Twisted rocks !

When your LDAP server or your MySQL server starts to get really slow for any reason, you better make sure your web application don't wait too much for them. Otherwise you will just have more and more requests piling up, waiting for your HTTP server to kill them when they reach the server timeout. Apache default timeout is 300 seconds by the way, so depending on how many users your application serves, you might end up with a big bottleneck in your application and a potential disaster on the server resources.

One solution is to make sure your web application handles itself the problem, by configuring a tight timeout for every third party server it calls, like a SQL server or a LDAP Server. So whenever things gets too slow, you can return immediately a 503 to the client and free the thread. A Retry-Later header can also be added to inform the client.

For Sync, we have another header that is specifically looked up when things gets bad on server side, which is X-Weave-Backoff. But that header is used only on successful operations to gently ask the client to back off for some time.

Anyways, in theory it's quite simple to add some try..except timout: code in your application but in practice you better test it for real by benching your application with slow third party servers and check that the server does not melt in that case.

Not all servers (LDAP, SQL, etc) provide a way to make things slower and not all Operating Systems provide a simple way to slow down the network between two applications. netem is a nice tool but you might need to recompile your kernel to use it, and you have to be on some flavor of BSD or Linux for that.

Twisted excels for such tasks. I could write a port-forwarding script to simulate delays in less than 15 lines (that would take probably 100 lines using plain socket/asyncore).
import time

from twisted.internet import reactor

from twisted.protocols import portforward



class LoggingProxyServer(portforward.ProxyServer):

    def dataReceived(self, data):

        time.sleep(20)

        portforward.ProxyServer.dataReceived(self, data)



class LoggingProxyFactory(portforward.ProxyFactory):

    protocol = LoggingProxyServer



if __name__ == '__main__':

    fwd = LoggingProxyFactory('localhost', 389)

    reactor.listenTCP(390, fwd)

    reactor.run()

Once this script is launched, my application can use the port 390 to connect to LDAP, and deal with the timeouts.

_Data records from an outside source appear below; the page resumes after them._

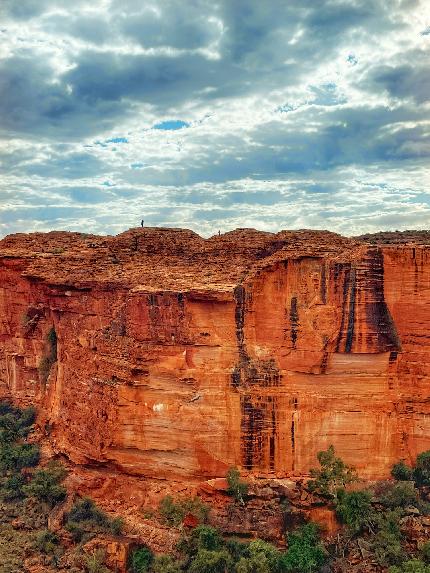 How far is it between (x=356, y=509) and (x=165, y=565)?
7.79 metres

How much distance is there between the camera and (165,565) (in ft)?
68.1

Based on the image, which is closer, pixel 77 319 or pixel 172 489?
pixel 172 489

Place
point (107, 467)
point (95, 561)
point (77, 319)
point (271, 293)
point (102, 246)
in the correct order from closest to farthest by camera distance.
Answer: point (95, 561), point (271, 293), point (107, 467), point (77, 319), point (102, 246)

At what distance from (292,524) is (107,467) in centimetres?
886

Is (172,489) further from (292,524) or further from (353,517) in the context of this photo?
(353,517)

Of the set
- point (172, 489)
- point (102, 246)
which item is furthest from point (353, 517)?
point (102, 246)

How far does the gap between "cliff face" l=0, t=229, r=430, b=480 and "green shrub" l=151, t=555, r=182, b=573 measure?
366 centimetres

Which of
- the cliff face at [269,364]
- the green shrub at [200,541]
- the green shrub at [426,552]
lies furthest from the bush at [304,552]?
the green shrub at [426,552]

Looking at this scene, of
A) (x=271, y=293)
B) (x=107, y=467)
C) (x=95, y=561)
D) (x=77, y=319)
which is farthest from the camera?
(x=77, y=319)

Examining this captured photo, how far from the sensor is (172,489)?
936 inches

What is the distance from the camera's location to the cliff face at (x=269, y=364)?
22.4 meters

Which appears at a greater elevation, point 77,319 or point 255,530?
point 77,319

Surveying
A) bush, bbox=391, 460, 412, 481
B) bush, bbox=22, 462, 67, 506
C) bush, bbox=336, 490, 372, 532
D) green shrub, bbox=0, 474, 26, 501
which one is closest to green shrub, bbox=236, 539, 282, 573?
bush, bbox=336, 490, 372, 532

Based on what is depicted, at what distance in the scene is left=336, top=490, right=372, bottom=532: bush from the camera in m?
21.3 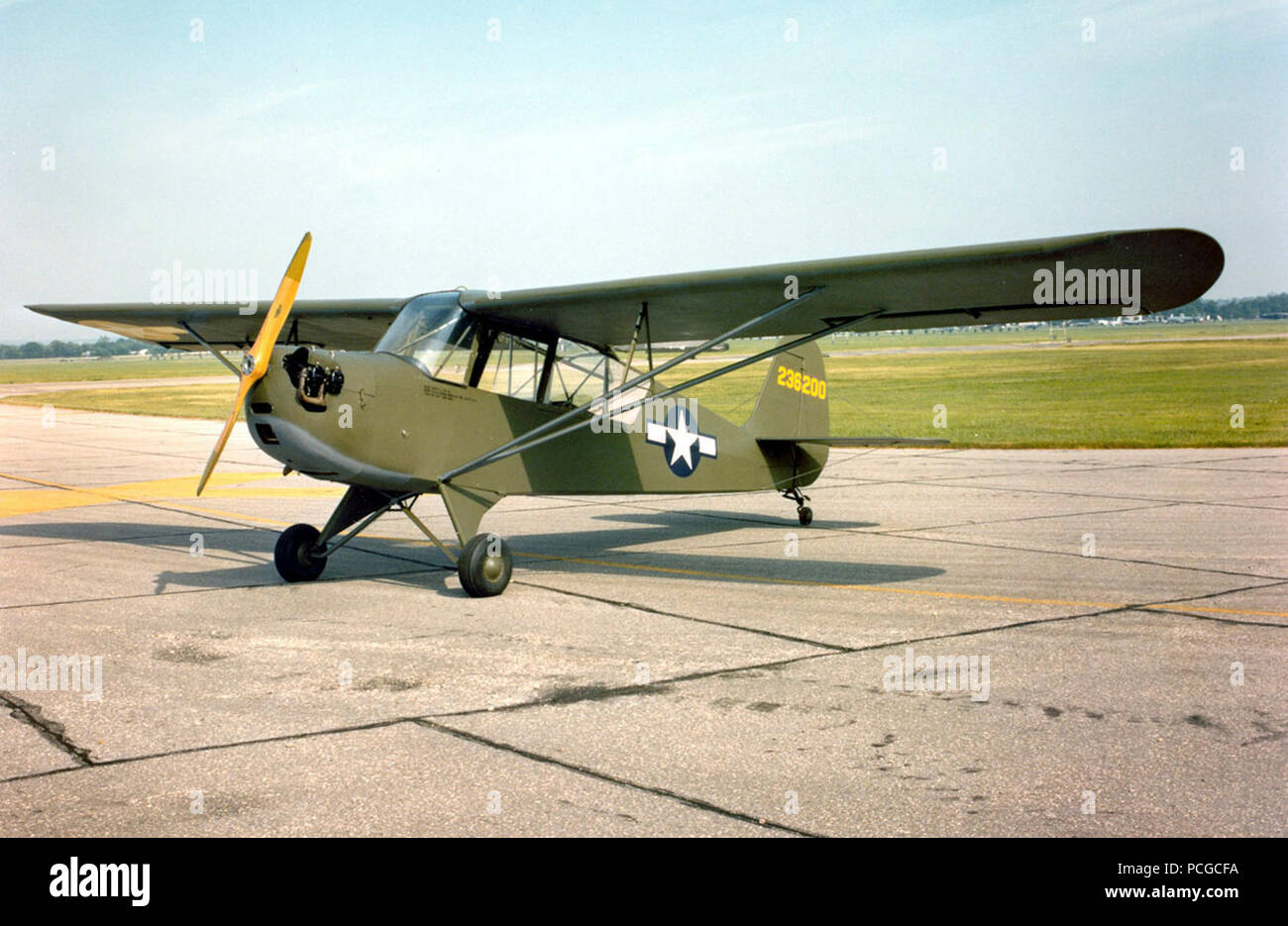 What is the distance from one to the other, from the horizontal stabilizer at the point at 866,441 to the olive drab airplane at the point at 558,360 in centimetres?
7

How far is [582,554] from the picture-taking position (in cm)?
1153

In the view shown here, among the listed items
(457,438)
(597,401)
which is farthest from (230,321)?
(597,401)

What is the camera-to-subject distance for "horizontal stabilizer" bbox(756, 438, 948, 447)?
40.0 ft

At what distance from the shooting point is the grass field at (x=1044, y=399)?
25391 millimetres

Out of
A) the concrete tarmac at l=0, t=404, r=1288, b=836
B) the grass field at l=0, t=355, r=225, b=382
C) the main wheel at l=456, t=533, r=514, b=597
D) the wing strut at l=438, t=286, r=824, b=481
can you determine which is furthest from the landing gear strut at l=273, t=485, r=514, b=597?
the grass field at l=0, t=355, r=225, b=382

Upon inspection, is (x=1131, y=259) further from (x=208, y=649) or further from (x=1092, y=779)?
(x=208, y=649)

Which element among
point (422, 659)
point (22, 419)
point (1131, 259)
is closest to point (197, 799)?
point (422, 659)

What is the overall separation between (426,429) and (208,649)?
2698mm

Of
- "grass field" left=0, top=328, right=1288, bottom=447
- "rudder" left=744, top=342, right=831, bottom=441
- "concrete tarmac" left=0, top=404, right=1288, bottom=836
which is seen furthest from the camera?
"grass field" left=0, top=328, right=1288, bottom=447

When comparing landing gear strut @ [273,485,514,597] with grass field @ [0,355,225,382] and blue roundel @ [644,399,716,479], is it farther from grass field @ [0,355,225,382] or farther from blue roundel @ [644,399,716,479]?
grass field @ [0,355,225,382]

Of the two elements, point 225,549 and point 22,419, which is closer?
point 225,549

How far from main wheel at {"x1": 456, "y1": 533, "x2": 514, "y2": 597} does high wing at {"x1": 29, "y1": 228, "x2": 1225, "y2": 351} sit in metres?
2.04

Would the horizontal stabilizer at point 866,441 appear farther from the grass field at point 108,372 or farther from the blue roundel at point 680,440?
the grass field at point 108,372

From there, I am exploring different ways to delay the calls in a realistic manner. Like making the delay get bigger at every call until it reaches a max, then reducing it, etc. It's also a good way to log all the TCP conversations between the apps without having to set up a dedicated app like WireShark.

I already knew this, since Twisted was the framework we used in my previous company, but let me say it again: when it comes to write little network tools like that, Twisted just rocks.